Le Vickers "Valiant"

Le "Valiant" sera le premier des "V bombers", la flotte de bombardiers capables de transporter l'arme nucléaire. Conçu en tant que simple appareil de transition avant l'arrivée d'appareil plus moderne, il allait se révéler un appareil aux performances rivalisant avec ceux qui devaient le remplacer.

Le Vickers "Valiant"
Si l'Air Ministry avait besoin de bombardiers avancés, il fallait un appareil d'intérim, capable de prendre l'air le plus tôt possible pour ne pas laisser la Grande-Bretagne sans protection.

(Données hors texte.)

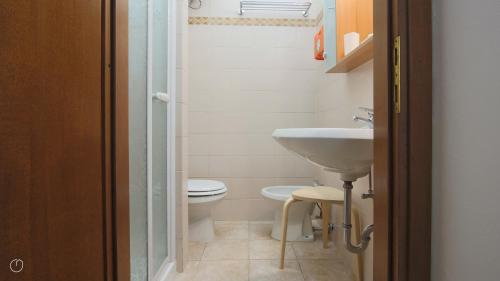 a small bathroom with a sink and a toilet at Italianway - Piazza Campidoglio 3 in Lenno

C'est en ce sens que George Edwards, chef du bureau d'étude de Vickers va présenter la chose aux officiels : il s'engage même à faire voler l'appareil moins de 30 mois après la signature d'un contrat avec la RAF ! La mise au point commence donc sur les chapeaux de roues, et va mobiliser tout le bureau d'étude de Vickers de manière très intensive pour mettre au point un premier prototype.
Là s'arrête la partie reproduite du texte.